In the post-Lochner era, the Supreme Court has applied a lower standard of review to confront restrictions on economic liberty. A higher standard is used in reviewing legislation infringing on personal liberties. A line of cases dating back to the 1923 opinion by Justice McReynolds in Meyer v. Nebraska, citing Lochner as establishing limits on the police power, has established a privacy right under substantive due process. More recently, in Roe v. Wade (1973), the Supreme Court held that women have a privacy right to determine whether or not to have an abortion. In 1992, Planned Parenthood v. Casey reaffirmed that right, but the Court no longer used the term "privacy" to describe it.

Scholarly reaction

The Supreme Court's decision in Lochner v. New York has been criticized by legal scholars. Law professor Bernard Siegan described it as "one of the most condemned cases in United States history." According to the Center for American Progress, a left-leaning think tank, law professors often use Lochner, along with Plessy v. Ferguson and Korematsu v.
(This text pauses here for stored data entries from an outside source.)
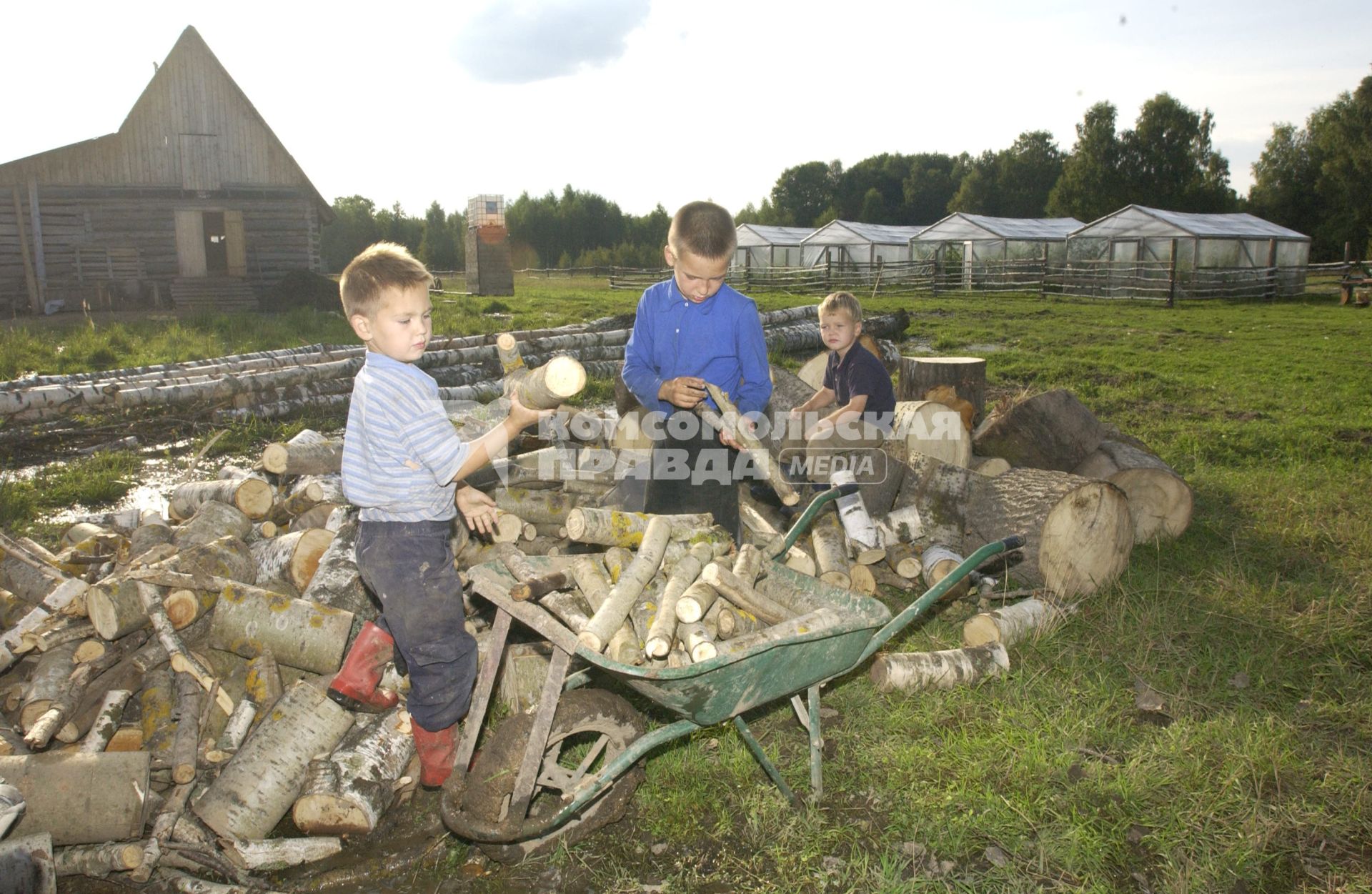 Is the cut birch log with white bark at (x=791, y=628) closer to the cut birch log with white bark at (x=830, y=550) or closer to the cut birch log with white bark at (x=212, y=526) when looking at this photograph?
the cut birch log with white bark at (x=830, y=550)

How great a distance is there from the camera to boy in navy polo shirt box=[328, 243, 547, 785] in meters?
2.72

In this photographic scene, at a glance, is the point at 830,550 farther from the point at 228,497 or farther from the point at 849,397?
the point at 228,497

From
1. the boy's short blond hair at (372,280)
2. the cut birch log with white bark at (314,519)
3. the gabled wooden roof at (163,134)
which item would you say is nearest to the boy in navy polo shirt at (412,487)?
the boy's short blond hair at (372,280)

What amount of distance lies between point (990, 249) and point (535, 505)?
31919 millimetres

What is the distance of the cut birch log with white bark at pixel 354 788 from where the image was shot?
300cm

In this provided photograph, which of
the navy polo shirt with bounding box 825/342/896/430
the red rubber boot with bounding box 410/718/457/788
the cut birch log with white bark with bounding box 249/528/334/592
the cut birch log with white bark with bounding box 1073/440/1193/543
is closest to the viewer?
the red rubber boot with bounding box 410/718/457/788

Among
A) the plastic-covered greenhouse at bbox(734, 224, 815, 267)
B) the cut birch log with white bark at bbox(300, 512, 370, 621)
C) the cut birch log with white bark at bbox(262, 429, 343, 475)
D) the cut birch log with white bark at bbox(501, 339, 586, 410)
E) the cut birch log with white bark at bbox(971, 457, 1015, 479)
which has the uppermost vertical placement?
the plastic-covered greenhouse at bbox(734, 224, 815, 267)

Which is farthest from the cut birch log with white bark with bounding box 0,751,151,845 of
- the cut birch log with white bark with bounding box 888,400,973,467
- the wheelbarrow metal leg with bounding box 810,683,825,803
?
the cut birch log with white bark with bounding box 888,400,973,467

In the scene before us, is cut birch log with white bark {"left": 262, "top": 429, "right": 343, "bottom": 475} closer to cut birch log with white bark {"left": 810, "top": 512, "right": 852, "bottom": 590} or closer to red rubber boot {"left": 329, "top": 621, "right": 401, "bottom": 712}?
red rubber boot {"left": 329, "top": 621, "right": 401, "bottom": 712}

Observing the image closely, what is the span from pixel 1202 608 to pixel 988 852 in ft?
8.17

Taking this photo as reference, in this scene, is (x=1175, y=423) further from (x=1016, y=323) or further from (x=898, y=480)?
(x=1016, y=323)

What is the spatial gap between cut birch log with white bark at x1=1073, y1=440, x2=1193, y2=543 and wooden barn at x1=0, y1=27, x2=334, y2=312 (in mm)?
21160

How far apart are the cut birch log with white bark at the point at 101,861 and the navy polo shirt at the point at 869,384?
15.0ft

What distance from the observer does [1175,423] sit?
8.62 meters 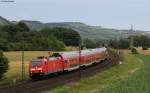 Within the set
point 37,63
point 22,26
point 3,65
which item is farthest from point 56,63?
point 22,26

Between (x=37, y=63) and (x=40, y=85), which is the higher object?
(x=37, y=63)

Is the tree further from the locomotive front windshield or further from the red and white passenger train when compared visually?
the locomotive front windshield

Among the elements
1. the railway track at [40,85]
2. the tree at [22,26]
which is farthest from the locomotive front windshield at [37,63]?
the tree at [22,26]

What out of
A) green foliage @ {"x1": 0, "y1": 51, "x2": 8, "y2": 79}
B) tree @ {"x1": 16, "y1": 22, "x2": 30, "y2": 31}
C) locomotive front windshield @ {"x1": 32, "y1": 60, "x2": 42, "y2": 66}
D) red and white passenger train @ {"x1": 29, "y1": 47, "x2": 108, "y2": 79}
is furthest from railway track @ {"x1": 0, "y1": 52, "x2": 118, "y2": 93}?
tree @ {"x1": 16, "y1": 22, "x2": 30, "y2": 31}

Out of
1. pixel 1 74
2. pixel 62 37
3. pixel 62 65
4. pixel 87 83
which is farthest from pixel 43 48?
pixel 87 83

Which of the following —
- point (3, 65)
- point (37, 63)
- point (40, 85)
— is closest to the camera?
point (40, 85)

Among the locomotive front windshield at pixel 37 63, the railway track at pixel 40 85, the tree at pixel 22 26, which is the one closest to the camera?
the railway track at pixel 40 85

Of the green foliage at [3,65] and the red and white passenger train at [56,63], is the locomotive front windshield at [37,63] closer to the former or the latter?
the red and white passenger train at [56,63]

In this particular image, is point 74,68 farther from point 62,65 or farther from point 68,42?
point 68,42

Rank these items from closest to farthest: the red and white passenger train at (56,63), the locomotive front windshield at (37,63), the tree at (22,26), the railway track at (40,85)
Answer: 1. the railway track at (40,85)
2. the red and white passenger train at (56,63)
3. the locomotive front windshield at (37,63)
4. the tree at (22,26)

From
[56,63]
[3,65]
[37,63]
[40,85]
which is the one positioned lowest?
[40,85]

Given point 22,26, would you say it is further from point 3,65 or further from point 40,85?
point 40,85

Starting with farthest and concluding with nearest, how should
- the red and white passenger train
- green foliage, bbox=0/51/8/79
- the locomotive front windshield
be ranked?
the locomotive front windshield < the red and white passenger train < green foliage, bbox=0/51/8/79

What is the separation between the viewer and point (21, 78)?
2928 inches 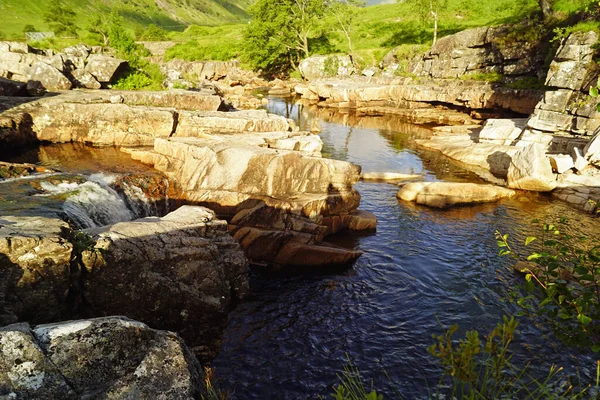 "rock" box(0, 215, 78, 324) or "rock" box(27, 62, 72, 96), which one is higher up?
"rock" box(27, 62, 72, 96)

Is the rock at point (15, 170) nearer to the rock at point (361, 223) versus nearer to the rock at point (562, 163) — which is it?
the rock at point (361, 223)

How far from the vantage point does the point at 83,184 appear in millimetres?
16062

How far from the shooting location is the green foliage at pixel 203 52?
92250 mm

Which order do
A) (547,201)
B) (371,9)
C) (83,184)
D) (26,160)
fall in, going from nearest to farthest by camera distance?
(83,184) → (26,160) → (547,201) → (371,9)

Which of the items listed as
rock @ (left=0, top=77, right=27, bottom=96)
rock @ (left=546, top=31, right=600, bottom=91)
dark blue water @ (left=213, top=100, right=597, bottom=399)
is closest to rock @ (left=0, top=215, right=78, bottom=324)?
dark blue water @ (left=213, top=100, right=597, bottom=399)

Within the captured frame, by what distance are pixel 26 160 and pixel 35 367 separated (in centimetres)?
2290

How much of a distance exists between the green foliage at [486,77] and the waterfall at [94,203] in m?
46.1

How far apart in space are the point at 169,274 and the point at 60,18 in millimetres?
84829

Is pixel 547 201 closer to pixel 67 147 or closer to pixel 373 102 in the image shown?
pixel 67 147

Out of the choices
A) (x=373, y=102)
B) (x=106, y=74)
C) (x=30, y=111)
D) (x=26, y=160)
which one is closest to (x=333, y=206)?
(x=26, y=160)

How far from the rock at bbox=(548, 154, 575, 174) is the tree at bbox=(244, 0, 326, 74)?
204ft

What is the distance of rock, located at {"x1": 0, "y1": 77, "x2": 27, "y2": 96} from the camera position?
2692cm

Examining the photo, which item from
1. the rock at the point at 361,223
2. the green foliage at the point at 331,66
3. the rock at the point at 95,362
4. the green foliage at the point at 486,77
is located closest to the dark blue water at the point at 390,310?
the rock at the point at 361,223

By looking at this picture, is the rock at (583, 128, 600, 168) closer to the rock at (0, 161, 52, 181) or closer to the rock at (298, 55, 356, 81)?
the rock at (0, 161, 52, 181) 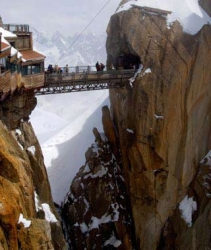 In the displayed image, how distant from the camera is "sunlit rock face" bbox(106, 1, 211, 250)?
39750 millimetres

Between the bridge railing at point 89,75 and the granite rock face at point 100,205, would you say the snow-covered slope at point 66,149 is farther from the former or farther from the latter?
the bridge railing at point 89,75

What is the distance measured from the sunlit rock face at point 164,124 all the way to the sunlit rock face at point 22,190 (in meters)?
9.82

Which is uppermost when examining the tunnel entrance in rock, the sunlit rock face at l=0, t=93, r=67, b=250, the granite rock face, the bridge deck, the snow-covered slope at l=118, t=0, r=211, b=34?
the snow-covered slope at l=118, t=0, r=211, b=34

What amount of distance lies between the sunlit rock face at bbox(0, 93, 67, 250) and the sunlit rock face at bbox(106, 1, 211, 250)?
9824mm

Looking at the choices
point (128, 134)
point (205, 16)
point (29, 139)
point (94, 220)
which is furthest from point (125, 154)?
point (205, 16)

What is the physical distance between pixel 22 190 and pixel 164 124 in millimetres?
17998

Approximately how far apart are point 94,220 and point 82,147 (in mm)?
13733

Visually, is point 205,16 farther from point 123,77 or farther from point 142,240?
point 142,240

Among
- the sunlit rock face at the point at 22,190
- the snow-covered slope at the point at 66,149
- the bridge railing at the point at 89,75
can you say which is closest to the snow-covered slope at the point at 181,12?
the bridge railing at the point at 89,75

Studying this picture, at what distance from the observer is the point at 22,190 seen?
26625 mm

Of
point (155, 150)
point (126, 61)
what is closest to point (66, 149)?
point (126, 61)

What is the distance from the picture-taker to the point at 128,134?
41094 millimetres

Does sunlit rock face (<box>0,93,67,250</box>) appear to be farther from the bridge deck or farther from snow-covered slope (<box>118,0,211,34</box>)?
snow-covered slope (<box>118,0,211,34</box>)

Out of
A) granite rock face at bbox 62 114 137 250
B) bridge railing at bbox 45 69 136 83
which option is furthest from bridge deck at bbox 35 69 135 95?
granite rock face at bbox 62 114 137 250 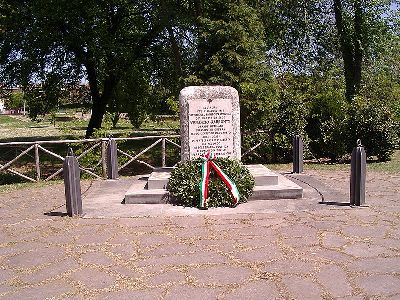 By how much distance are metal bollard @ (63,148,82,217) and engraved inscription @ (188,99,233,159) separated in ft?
7.31

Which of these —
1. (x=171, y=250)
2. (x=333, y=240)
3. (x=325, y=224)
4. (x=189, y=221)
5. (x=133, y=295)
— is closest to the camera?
(x=133, y=295)

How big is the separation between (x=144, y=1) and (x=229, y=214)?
1417 cm

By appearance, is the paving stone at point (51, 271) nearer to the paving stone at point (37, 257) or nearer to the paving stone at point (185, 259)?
the paving stone at point (37, 257)

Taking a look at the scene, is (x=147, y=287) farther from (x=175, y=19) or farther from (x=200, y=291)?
(x=175, y=19)

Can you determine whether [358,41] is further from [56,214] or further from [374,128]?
[56,214]

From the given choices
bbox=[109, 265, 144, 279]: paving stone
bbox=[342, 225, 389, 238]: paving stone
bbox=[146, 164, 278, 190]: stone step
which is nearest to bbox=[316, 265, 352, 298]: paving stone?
bbox=[342, 225, 389, 238]: paving stone

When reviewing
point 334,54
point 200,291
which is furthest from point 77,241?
point 334,54

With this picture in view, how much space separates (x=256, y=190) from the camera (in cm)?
749

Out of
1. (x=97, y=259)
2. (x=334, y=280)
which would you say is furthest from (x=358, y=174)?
(x=97, y=259)

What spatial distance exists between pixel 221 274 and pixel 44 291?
1737 mm

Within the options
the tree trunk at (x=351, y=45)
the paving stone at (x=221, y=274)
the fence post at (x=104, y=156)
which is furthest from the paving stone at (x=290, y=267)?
the tree trunk at (x=351, y=45)

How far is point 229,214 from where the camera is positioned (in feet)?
21.6

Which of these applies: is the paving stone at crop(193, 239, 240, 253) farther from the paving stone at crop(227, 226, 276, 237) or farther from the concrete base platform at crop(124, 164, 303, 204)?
the concrete base platform at crop(124, 164, 303, 204)

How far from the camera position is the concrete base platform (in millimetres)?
7344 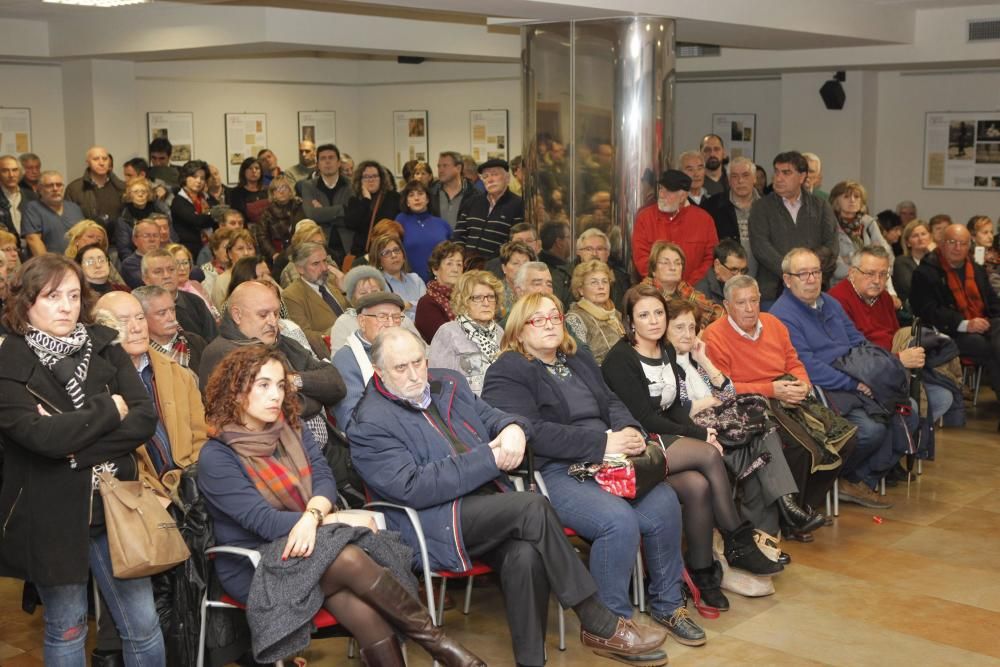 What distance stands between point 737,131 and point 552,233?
272 inches

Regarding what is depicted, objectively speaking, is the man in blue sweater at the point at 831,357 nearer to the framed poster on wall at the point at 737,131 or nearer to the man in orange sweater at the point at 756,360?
the man in orange sweater at the point at 756,360

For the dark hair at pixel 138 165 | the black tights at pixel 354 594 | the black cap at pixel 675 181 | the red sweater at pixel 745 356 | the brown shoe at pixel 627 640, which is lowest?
the brown shoe at pixel 627 640

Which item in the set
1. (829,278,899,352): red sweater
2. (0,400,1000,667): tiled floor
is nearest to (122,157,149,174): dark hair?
(0,400,1000,667): tiled floor

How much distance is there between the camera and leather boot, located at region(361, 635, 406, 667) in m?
3.65

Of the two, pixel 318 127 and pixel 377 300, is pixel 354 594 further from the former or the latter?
pixel 318 127

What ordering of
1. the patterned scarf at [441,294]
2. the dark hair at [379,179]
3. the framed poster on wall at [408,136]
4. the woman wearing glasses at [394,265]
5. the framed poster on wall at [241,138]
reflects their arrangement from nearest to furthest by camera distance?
the patterned scarf at [441,294]
the woman wearing glasses at [394,265]
the dark hair at [379,179]
the framed poster on wall at [241,138]
the framed poster on wall at [408,136]

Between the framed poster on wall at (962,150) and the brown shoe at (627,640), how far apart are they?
29.9 ft

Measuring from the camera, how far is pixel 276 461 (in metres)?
3.93

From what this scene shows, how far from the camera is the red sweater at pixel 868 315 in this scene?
6.73m

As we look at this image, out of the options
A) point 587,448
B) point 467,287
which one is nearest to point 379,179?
point 467,287

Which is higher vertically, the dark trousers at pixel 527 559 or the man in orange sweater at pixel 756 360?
the man in orange sweater at pixel 756 360

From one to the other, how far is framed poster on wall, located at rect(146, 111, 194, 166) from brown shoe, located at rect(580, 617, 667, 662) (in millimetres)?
9939

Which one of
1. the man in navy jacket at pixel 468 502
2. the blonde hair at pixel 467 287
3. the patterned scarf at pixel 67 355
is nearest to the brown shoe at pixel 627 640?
the man in navy jacket at pixel 468 502

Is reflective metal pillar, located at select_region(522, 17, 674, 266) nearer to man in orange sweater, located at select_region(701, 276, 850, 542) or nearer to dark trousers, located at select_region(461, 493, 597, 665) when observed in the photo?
man in orange sweater, located at select_region(701, 276, 850, 542) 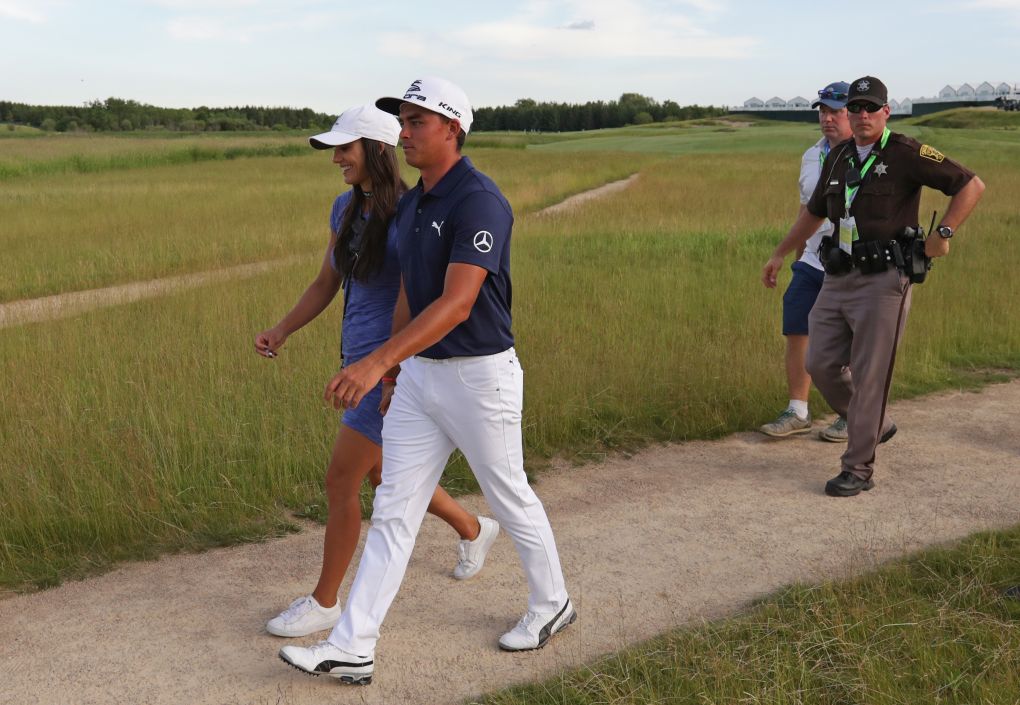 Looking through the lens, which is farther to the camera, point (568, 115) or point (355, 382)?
point (568, 115)

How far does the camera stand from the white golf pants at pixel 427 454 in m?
3.57

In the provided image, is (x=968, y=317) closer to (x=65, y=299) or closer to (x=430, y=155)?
(x=430, y=155)

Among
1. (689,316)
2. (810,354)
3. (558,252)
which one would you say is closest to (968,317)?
(689,316)

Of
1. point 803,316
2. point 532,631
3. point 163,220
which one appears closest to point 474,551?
point 532,631

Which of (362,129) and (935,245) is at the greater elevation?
(362,129)

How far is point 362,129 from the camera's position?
12.7 feet

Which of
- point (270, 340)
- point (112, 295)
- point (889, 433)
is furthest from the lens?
Result: point (112, 295)

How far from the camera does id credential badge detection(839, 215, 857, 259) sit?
5.71m

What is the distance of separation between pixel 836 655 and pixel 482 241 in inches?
72.2

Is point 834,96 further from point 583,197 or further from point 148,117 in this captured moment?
point 148,117

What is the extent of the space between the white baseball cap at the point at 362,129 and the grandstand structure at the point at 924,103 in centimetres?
13504

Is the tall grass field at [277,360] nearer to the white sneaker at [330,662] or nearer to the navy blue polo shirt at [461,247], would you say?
the white sneaker at [330,662]

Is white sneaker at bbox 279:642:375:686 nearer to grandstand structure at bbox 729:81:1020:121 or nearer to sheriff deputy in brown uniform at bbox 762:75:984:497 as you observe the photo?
sheriff deputy in brown uniform at bbox 762:75:984:497

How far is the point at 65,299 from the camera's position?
38.3 ft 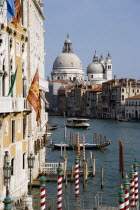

United States, as examples of "how judges should not behave."

Lochner is sometimes used as shorthand for extreme right-wing constitutional theory. However, it has come under harsh criticism from conservative and libertarian jurists as well because of the Lochner Court's embrace of substantive due process, a doctrine at odds with the original understanding of the Constitution. For example, conservative legal scholar Robert Bork called the decision an "abomination" and the "quintessence of judicial usurpation of power." Similarly, former Attorney General Edwin Meese said that the Supreme Court "ignored the limitations of the Constitution and blatantly usurped legislative authority." Siegan, a self-described libertarian, described it as "a symbol of judicial dereliction and abuse."

However, the decision also has attracted defenders by libertarians: the Cato Institute and the scholars Richard Epstein and Randy Barnett, who argue that Lochner was correct in its protection of economic liberty. Randy Barnett has argued that Lochner's presumption in favor of liberty of contract was basically right; the decision was wrong only in that it perpetuated the misinterpretation of the Fourteenth Amendment that was established in the Slaughter-House Cases. According to Barnett, liberty of contract is properly found in the Privileges or Immunities Clause, not in the Due Process Clause of the Fourteenth Amendment. David Bernstein, in Rehabilitating Lochner: Defending Individual Rights Against Progressive Reform, argues that the decision in Lochner was well grounded in Supreme Court precedent and that the decision's emphasis on limits to the states' police powers informed the Court's early civil liberties and civil rights cases.